After playing at South Dakota, the Colts drafted Braase in the 14th round of the 1954 NFL draft.  However, he did not join the team until 1957, delayed by three years of service in the U. S. Army which included a tour of duty in Korea.  In his second season, he was a won an NFL title in the 1958 NFL Championship Game, a game widely considered one of the best in NFL history.

During his football career in Baltimore, Braase performed in commercials for Dixie Cola, even singing their jingle.

Following his retirement as an active player, Braase was a restaurant owner in Timonium, Maryland, and in the 1970s was an executive with a Baltimore truck body manufacturer.

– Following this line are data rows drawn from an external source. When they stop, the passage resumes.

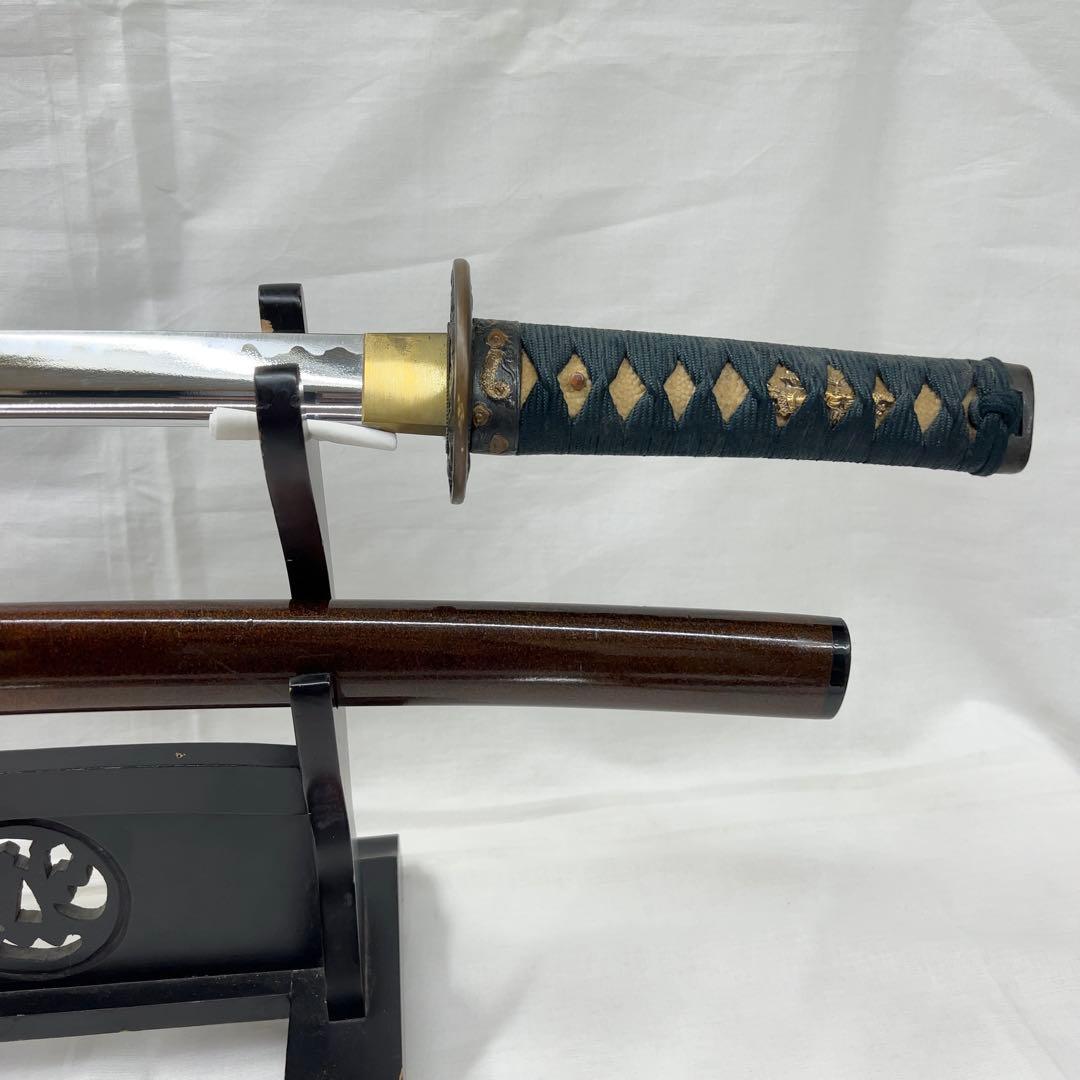 模造刀 二本差し 太刀 脇差 樋入り 龍鍔 透かし 黒鞘 直刃 刃紋 高級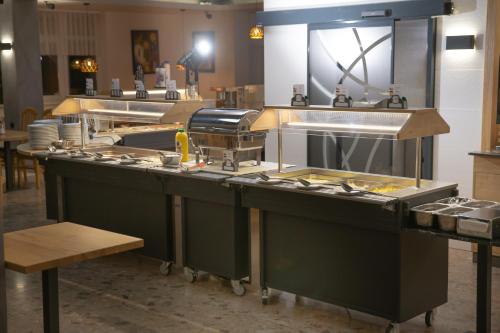 Wellness Hotel Astra - image 4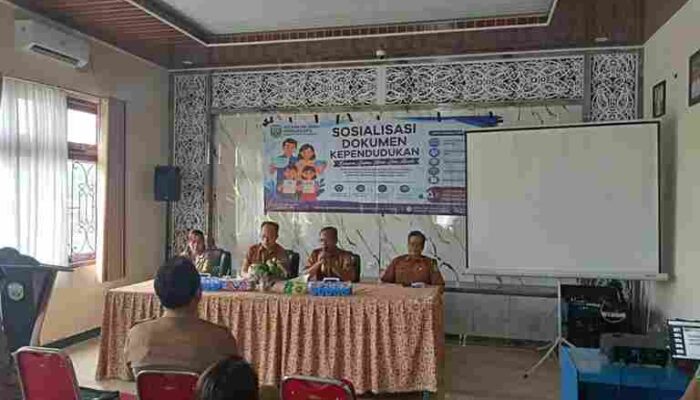 Pemkab Kubar Dorong Pelayanan Adminduk Makin Dekat Lewat Sosialisasi di Kecamatan Damai, Warga Diminta Tertib Administrasi
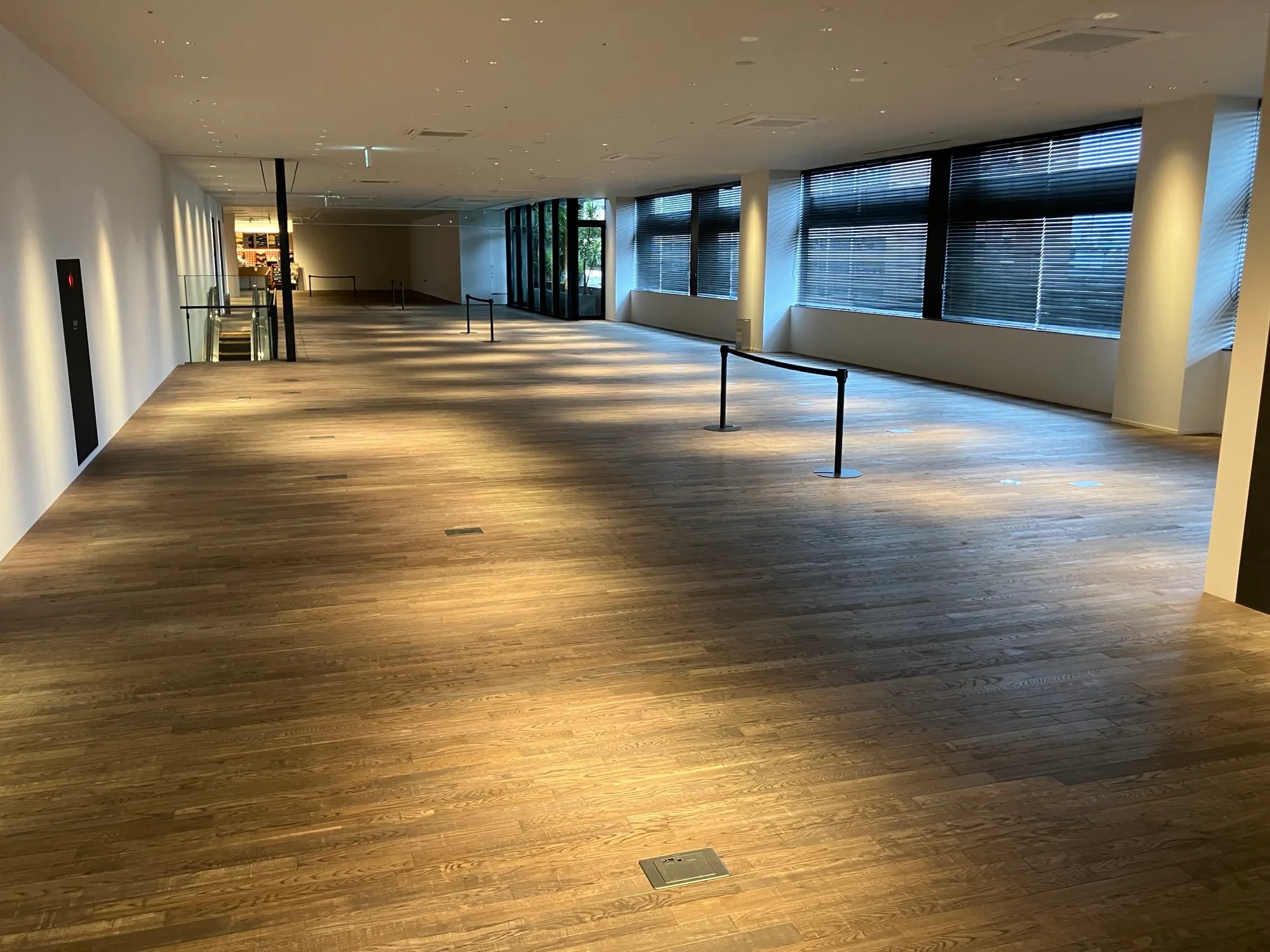 【奈良県コンベンションセンター｜C区画(48㎡)】蔦屋書店も所在する奈良県最大の観光交流施設内の2Fイベントスペース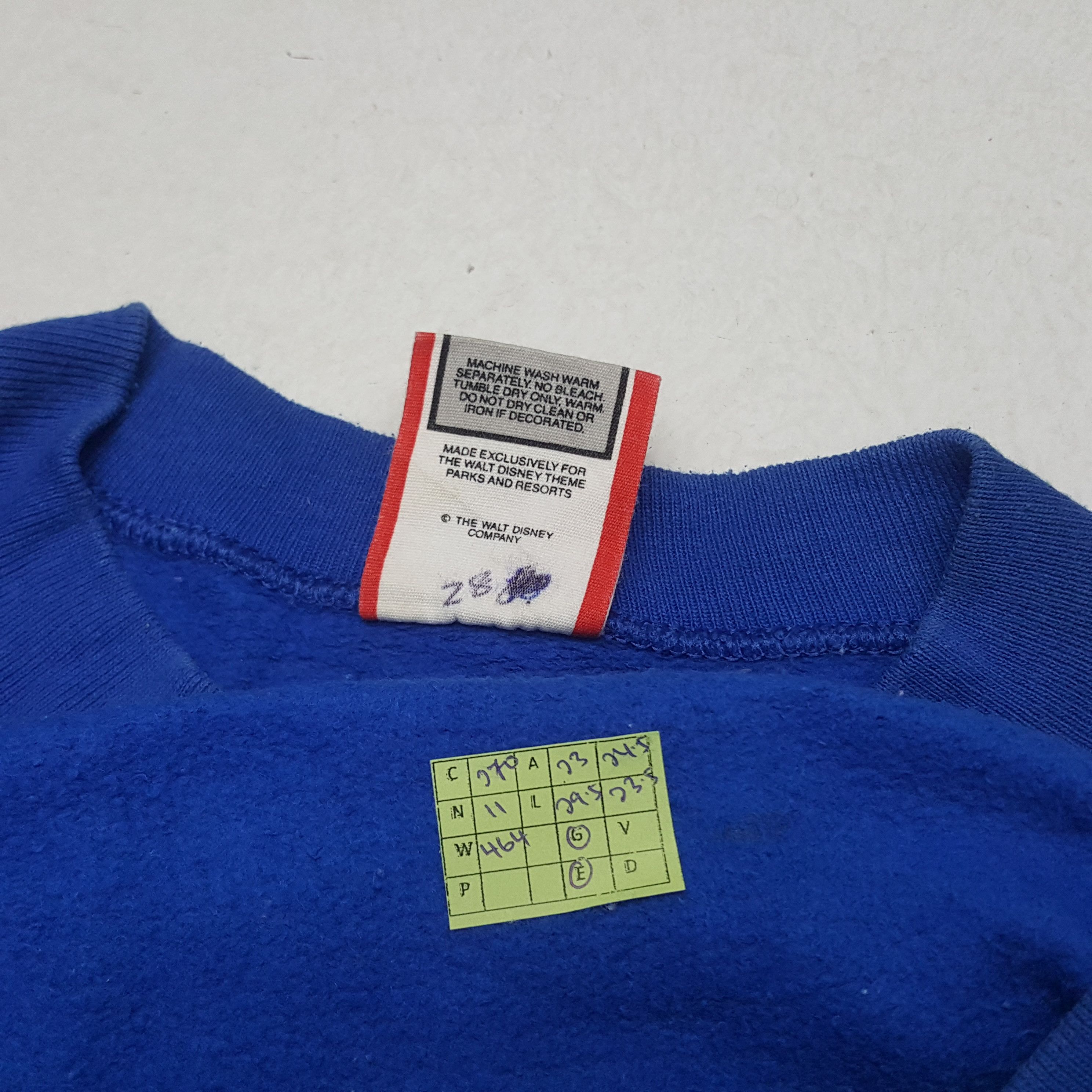 Cartoon Network × Disney × Vintage Vintage Disney Design Donald Duck Cartoon Sweatshirt Size US L / EU 52-54 / 3 - 7 Thumbnail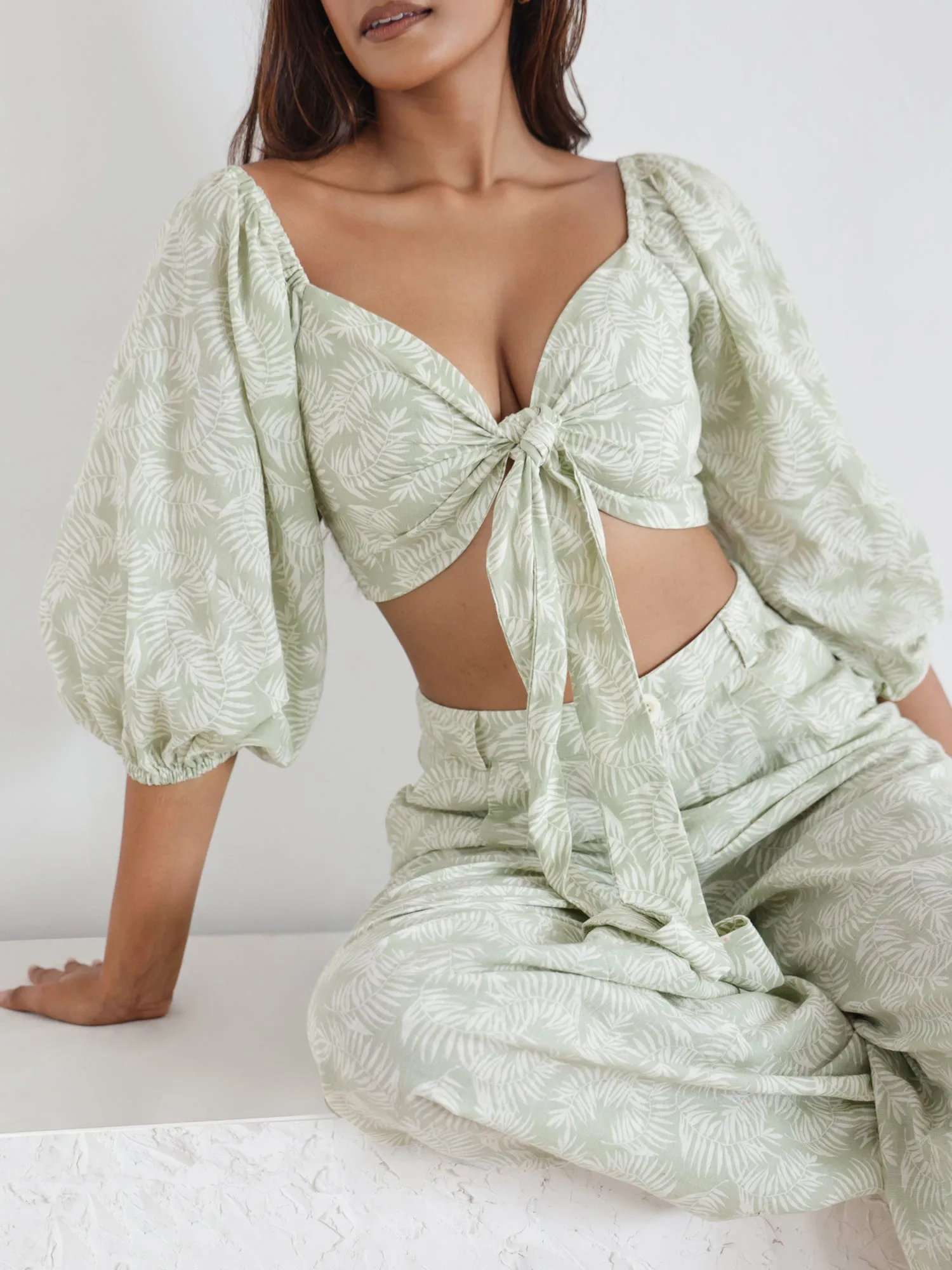 Front Tieup Balloon Sleeve Top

He also teamed with play-by-play announcer Chuck Thompson to provide color commentary for radio broadcasts of Colts games. In the 1990s, he co-hosted a popular program, Braase, Donovan, Davis and Fans on WJZ-TV in Baltimore with fellow Colt teammate Art Donovan.  The trio talked more about Art Donovan's fabled stories than contemporary NFL football, but the show held high ratings in its time period.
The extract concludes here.